[WikiEN-l] Rampant Deletionism
Jake Nelson
jnelson at soncom.com
Fri Nov 7 01:06:49 UTC 2003
I haven't had much time for Wikipedia stuff lately, but I've been watching
the lists... the main reason I've refrained from several-day-delayed
responses has been that Cunctator has said it better than I could. With this
thread, it's very good to see Jimbo reminding people of the principles at
work here.
I've seen a distinct slide downward with VFD lately... a couple weeks ago, I
decided that I would no longer vote 'delete' on any article. Which doesn't
mean I voted keep on everything... only for those I felt had distinct value.
I abstained from otehrs simply because there's already so many delete votes
that will automatically appear for practically anything on VFD...
An experiment I won't make because I hate when people do stupid things to
prove a point, and I fear the point'd be proven: List everything on
Brilliant Prose on VFD. See how many delete votes you get. It'd likely be a
rather large number, with anything under 32K decried as a "useless stub" and
"unencyclopedic", and over 32K as a "long and pointless ramble".

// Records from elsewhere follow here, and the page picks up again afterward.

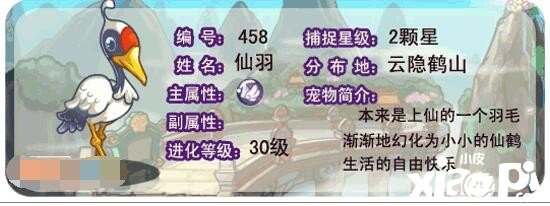 《洛克王国》仙羽技术表图鉴，仙羽怎么样/锋利吗？
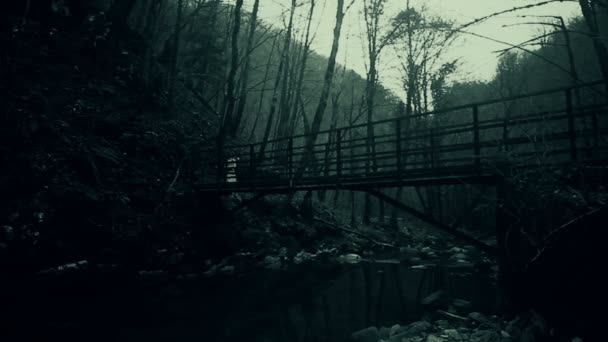 霧深い森の橋を歩いて白いドレスの謎のホラー女性 — ストック動画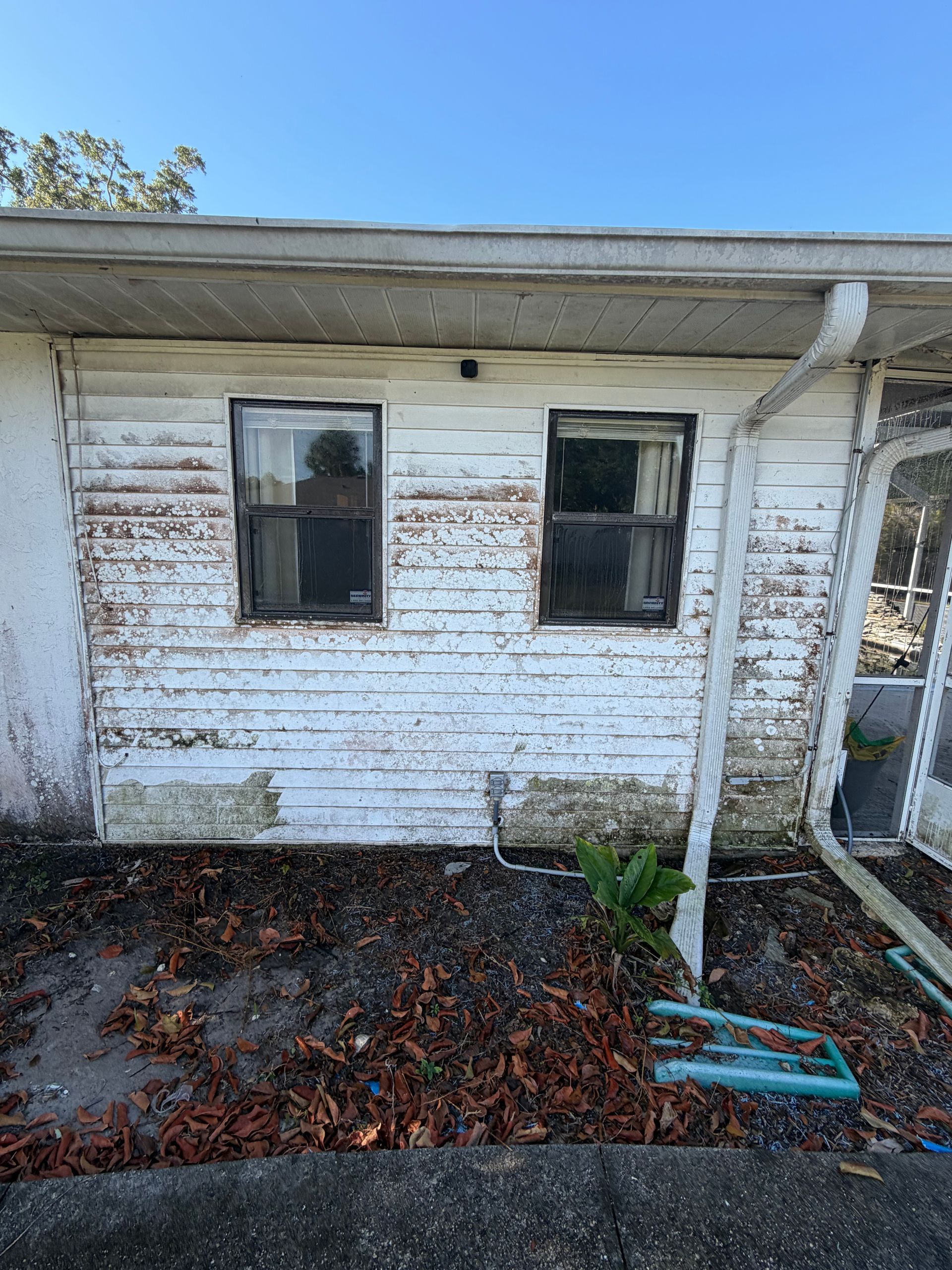 Weathered white house exterior with two windows, peeling paint, and a leaf-covered ground near a downspout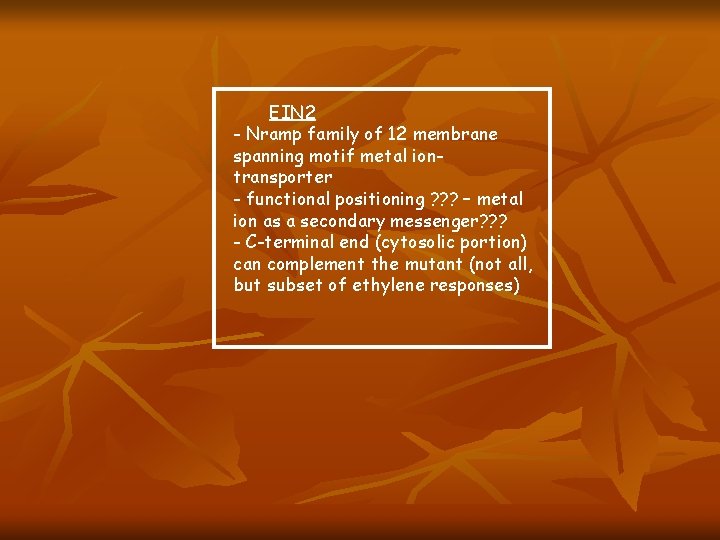 EIN 2 - Nramp family of 12 membrane spanning motif metal iontransporter - functional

Now, there's been discussion on [[Wikipedia_talk:Deletion policy]] about
criteria for valid voting. This is discussed in a few ways, but there is a
valid point that if there are going to be votes, there needs to be something
to oppose "sock puppets"... now that the edit-count barrier dropped from 100
to 25, and the account is only required to have existed for one week, I
don't have a particular problem with it. The 2/3s majority for deletion
bothers me a lot, even if (as has been pointed out to me) there are very few
articles that end up with votes in the range between 2/3 and 3/4 (which I
consider much more sensible). The trouble is, there are relatively few
people pushing for rules that restrict deletion- the majority of opinions on
the matter seem to be interested in reducing barriers to deletion as fast as
possible, putting the burden of proof on those defending an article... the
second most vocal faction (and it's become disturbingly factionalized there)

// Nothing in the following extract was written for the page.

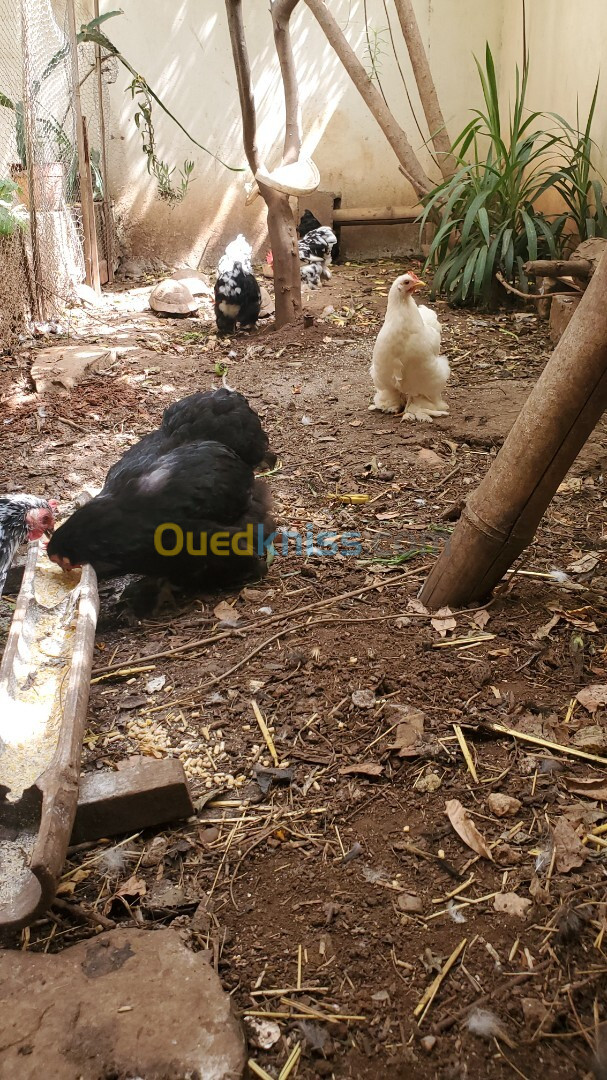 POULES ET COQ RACE BANTAM DE PEKIN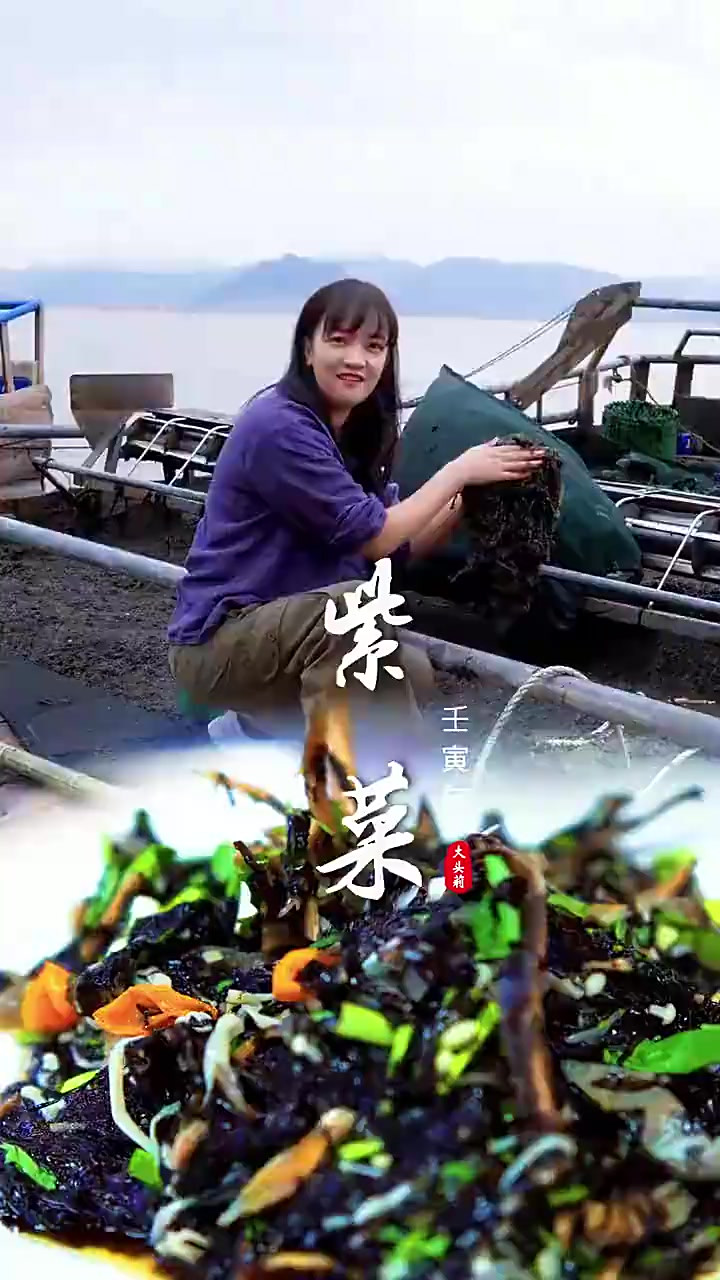 吃惯了干巴巴的紫菜,新鲜的头水紫菜你们想尝尝吗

is those saying that it should all be a consensus thing, that any voting is
evil, that one person should be able to block any action. Which I don't find
terribly helpful.
I've seen a lot of dodging of the "what does it hurt?" question, the most
I've seen is "it DOES hurt" or "it doesn't belong in an encyclopedia". The
first response isn't an answer, and begs the question to be repeated. As to
the second... what do you define an encyclopedia as? LKWR is the only one
I've seen outline criteria (back on 10/31), 4 of which describe Wikipedia
excellently, and I disagree with the other 2.
The issue is that when people say "encyclopedia" they tend to be referring
to "paper encyclopedia", which is effectively all that's existed to date-
all the big encyclopedias have CD and 'net versions these days, but they're
just the paper with lots of pictures and some sounds and movies here and
there: the people who work on those versions are specifically told not to
put work into any text that won't go into the paper version (I have this
from a friend who worked on Grolier's online edition, who informs me that
the others do the same.). Wiki Is Not Paper. I strongly oppose use of things
like "that's not what an encyclopedia is", because what are you using as a
standard? F&W, Britannica, Grolier, something like that, yes? They're
designed around what fits in paper- there's massive size constraints. A full
print copy of Britannica is really, really big.
(This is getting a bit long.) I'm going to propose again what I proposed
once before: a temporary moratorium on deletions. Let's say two weeks.
Copyvios will be the only exception. Blanking can be used if there's felt to
be no value at all to the content, but if there's verifiable information in
it, leave it. Let's try it and see what happens, hmmm?